## What to work on
Your task is to write out every line of the data exactly. Drop the pictures.

## Dataset excerpt
_ _ _ _ _ _ _

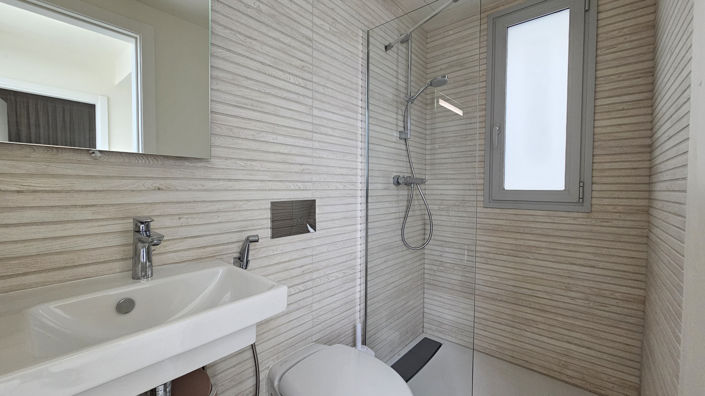 Image No.11-4 Bed House for sale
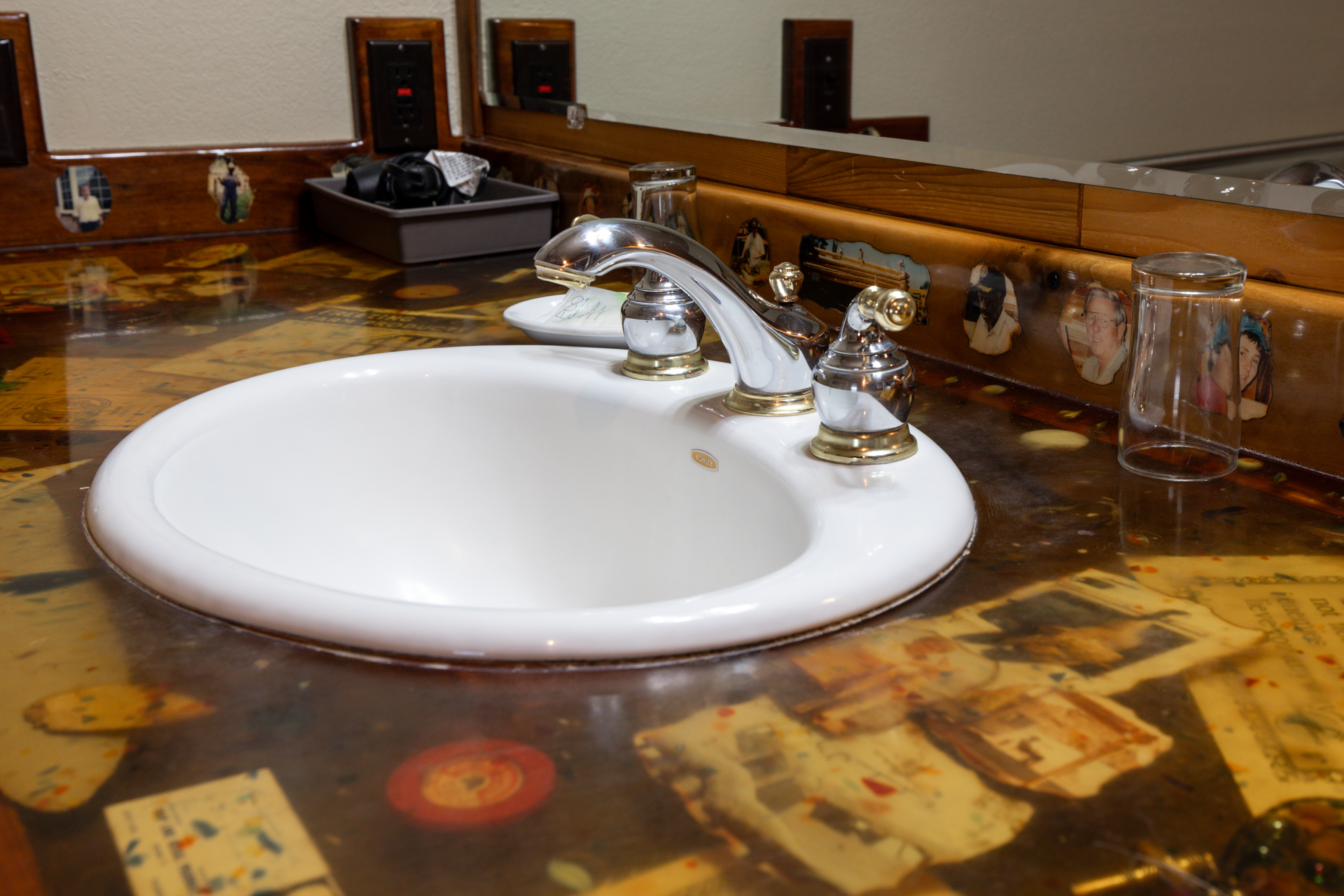 Guest room bath at the Soap Lake Resort, a Dazzler Select by Wyndham in Soap Lake, Washington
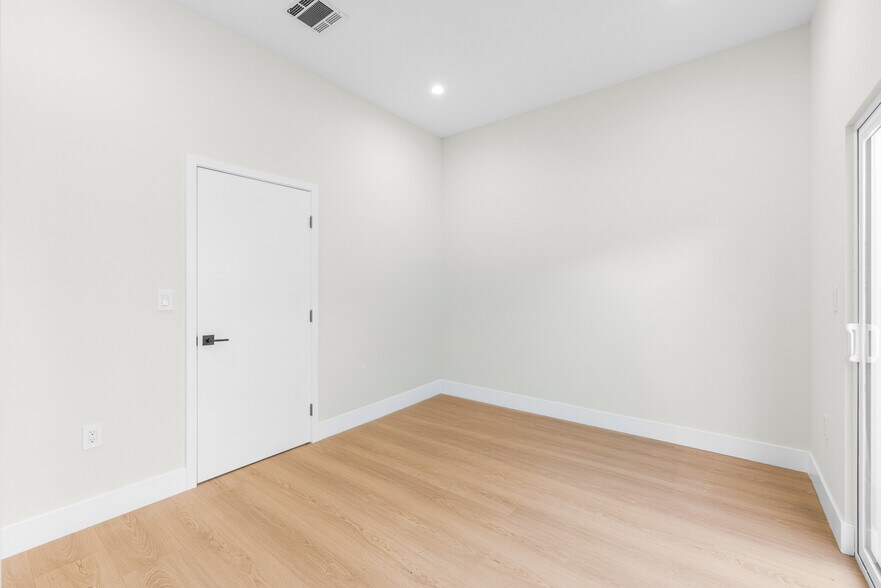 More Photos Of 5131 Don Pio Dr, Woodland Hills Multifamily For Sale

_ _ _ _ _ _ _

## Task answer
 Image No.11-4 Bed House for sale
 Guest room bath at the Soap Lake Resort, a Dazzler Select by Wyndham in Soap Lake, Washington
 More Photos Of 5131 Don Pio Dr, Woodland Hills Multifamily For Sale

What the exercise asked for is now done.